BWW Reviews: Fun West Coast Premiere of LYSISTRATA JONES Is A Slam-Dunk at OC's Chance Theater
What do you get when you mash-up an ancient Greek play with the contemporary, meta-sarcasm of Mean Girls, Legally Blonde, and Bring It On? Well, what you get is the buoyant musical confection LYSISTRATA JONES, now playing its West Coast Premiere performances at Chance Theater's brand-spankin' new theater space in Anaheim Hills through March 9.
Filled with playwright Douglas Carter Beane's witty dialogue and amusingly droll characters that are column-framed by a fun, pop-tastic score by Lewis Flinn, this superb new OC production of the Off-Broadway (and, briefly, Broadway) critical darling proves to be an endearingly upbeat, surprisingly thought-provoking musical that winningly elevates the battle of the sexes to a much higher level of snark.
And with its new, larger footprint as a canvas, Chance Theater's first full production at its fancy fresh digs (just a few doors down from its old space) is, without a doubt, a real winner.
For all its youthful mirth and rapid-fire laughs, it's actually quite a shock that this Tony-nominated musical didn't last longer on Broadway.
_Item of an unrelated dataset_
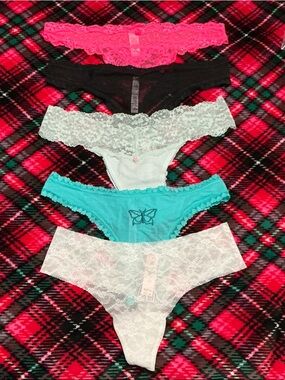 Victoria's Secret Lace & Cotton Thong Set - Hot Pink, Black, White, Teal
But, perhaps---judging by the fact that a mid-size regional house like Chance Theater can showcase an excellent, all-around entertaining production of it---LYSISTRATA JONES is poised to continue its life as a go-to staple across local intimate theaters in the U.S. in the coming years. Certainly the subject matter and the characters in it will guarantee a strong pull for young, fresh talent to land on this contemporary musical. And speaking of... as expected, Chance's own youth-quake production is blessed with a talented, high-energy, and wonderfully age-appropriate ensemble---all of whom clearly look like they're having lots of fun on stage with the material. And that fun? Oh so contagious.
The title of LYSISTRATA JONES, of course, immediately gives away its classical inspiration. Very loosely based on the B.C.-era Greek comedy Lysistrata by playwright Aristophanes, this remarkably smart 21st Century "update" mirrors the main plot point of that ancient text: girl power in the guise of abstinence. And though the play is set in the present day, classic Greek motifs hover throughout like foreshadowing, omniscient ghosts.
Lysistrata Jones (the bubbly Devon Hadsell)---or "Lyssie J" as she prefers her pals to call her---has just transferred to Athens University (hehe, get it) and joins the Spartans cheer squad. Full of ideas and can-do spirit, she quickly devises a seemingly brilliant plan in order to end the basketball team's pathetic 30-year losing streak: by rallying her female BFFs to withhold sex from their boyfriends/lovers/playthings on the basketball team---that is until the young men can summon enough, um, balls to win a damn game for once.
Lyssie's scheme, of course, will sound quite familiar to those versed in classic Greek comedies. That's right... she takes a page right out Aristophanes' own ancient playbook, which found Lysistrata leading the female citizens of Athens to stop having sex with their men until they put an end to the Peloponnesian War. Naturally, as it did in that ancient comedy, a tug of war also ensues in LYSISTRATA JONES between the two gender camps which, indubitably, produces the musical's hilarious conflict.
Who will emerge victorious? Will it be Lyssie and her girrrlll-power troops? Or will it be the super-horny boys led by charismatic team captain Mick (J.D. Driskill)?
Thankfully, most of the action is presided over by the helpful Greek muse-slash-narrator Hetaira (the awesome, wickedly haughty Camryn Zelinger), who likes to pepper the narrative with humorous observations and soulful, Aretha Franklin-style riffing. Amen, gurrll. Amen. (On a side note, am I the only one who thinks Zelinger is a spitting image of WICKED's Shoshana Bean?)
While LYSISTRATA JONES, on the onset, appears to follow the typical signposts of teen-centric storylines, I really appreciated the fact that though the peripheral characters (Lyssie's gal pals; Mick's basketball bros; the nerd boy caught in the middle) all seem to start out as eye-roll-causing stereotypes, each person eventually upends those stereotypes as they all slowly blossom deeper layers in their respective personalities (and, yes, even our main, curly-coiffed heroine gets a chance to be briefly shown in a not-so-flattering light).